■ Assigned task
Will you write out the data exactly, excluding every picture?

** Opening Data extract block **

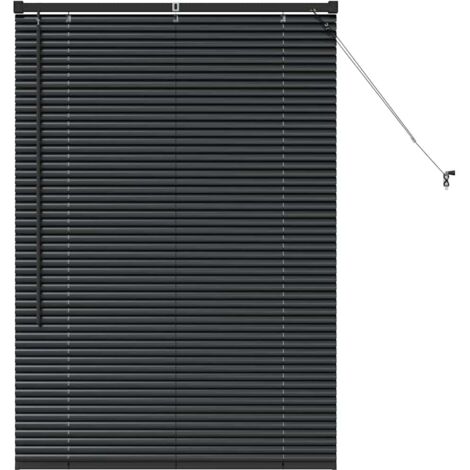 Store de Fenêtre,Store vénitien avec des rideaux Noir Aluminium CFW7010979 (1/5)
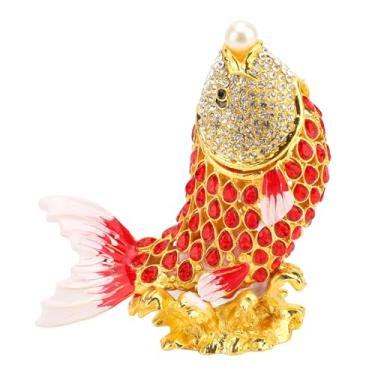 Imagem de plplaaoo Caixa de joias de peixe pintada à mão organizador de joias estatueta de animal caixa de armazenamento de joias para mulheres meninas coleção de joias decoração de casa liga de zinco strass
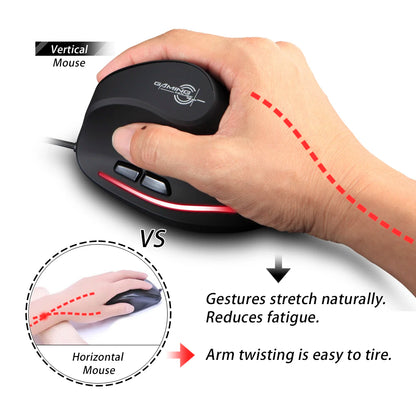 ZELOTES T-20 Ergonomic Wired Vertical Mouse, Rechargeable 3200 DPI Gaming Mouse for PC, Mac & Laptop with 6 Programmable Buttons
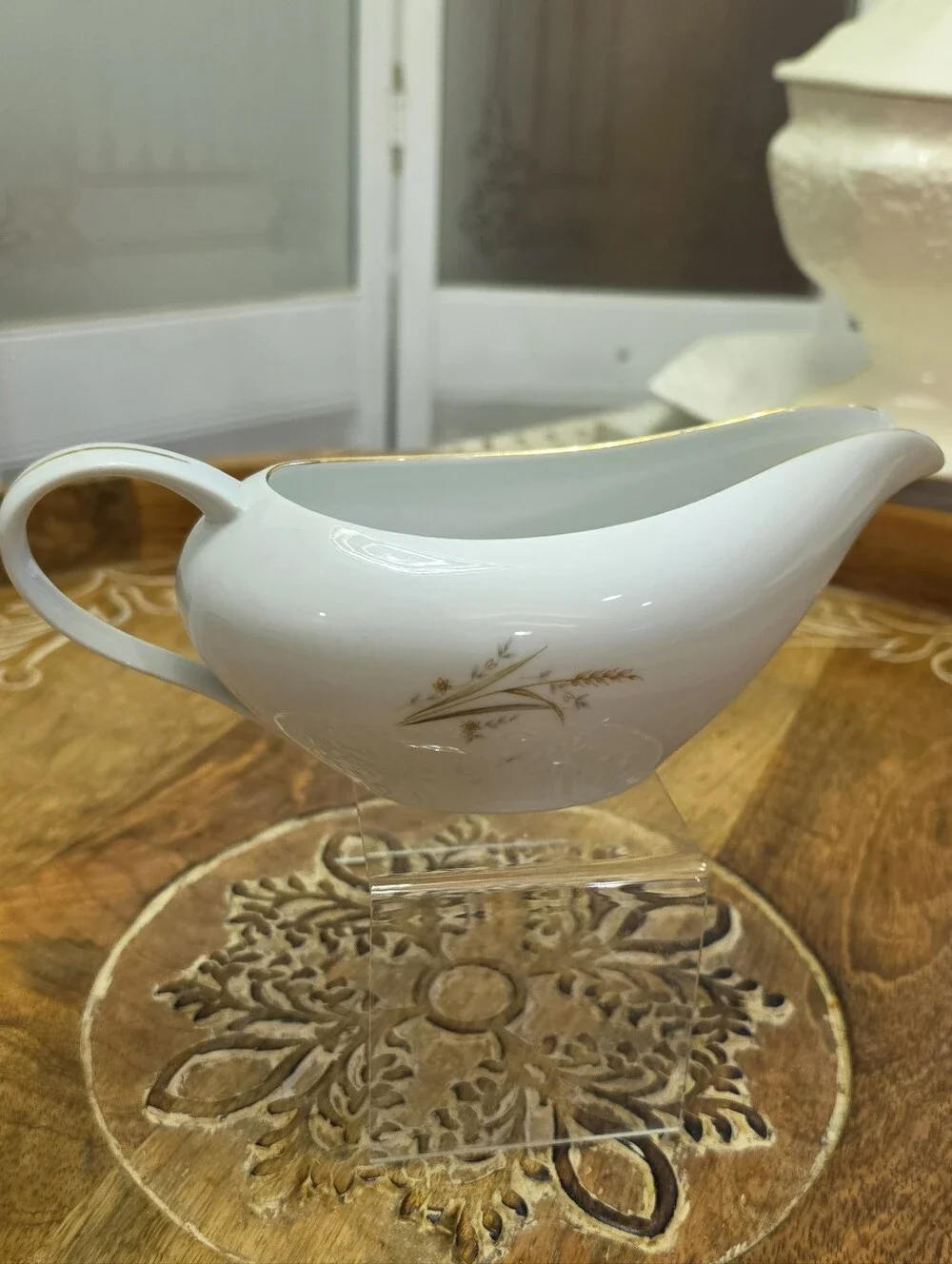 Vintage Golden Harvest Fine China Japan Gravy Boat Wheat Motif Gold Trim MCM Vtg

** Closing Data extract block **

■ Finished task
 Store de Fenêtre,Store vénitien avec des rideaux Noir Aluminium CFW7010979 (1/5)
 Imagem de plplaaoo Caixa de joias de peixe pintada à mão organizador de joias estatueta de animal caixa de armazenamento de joias para mulheres meninas coleção de joias decoração de casa liga de zinco strass
 ZELOTES T-20 Ergonomic Wired Vertical Mouse, Rechargeable 3200 DPI Gaming Mouse for PC, Mac & Laptop with 6 Programmable Buttons
 Vintage Golden Harvest Fine China Japan Gravy Boat Wheat Motif Gold Trim MCM Vtg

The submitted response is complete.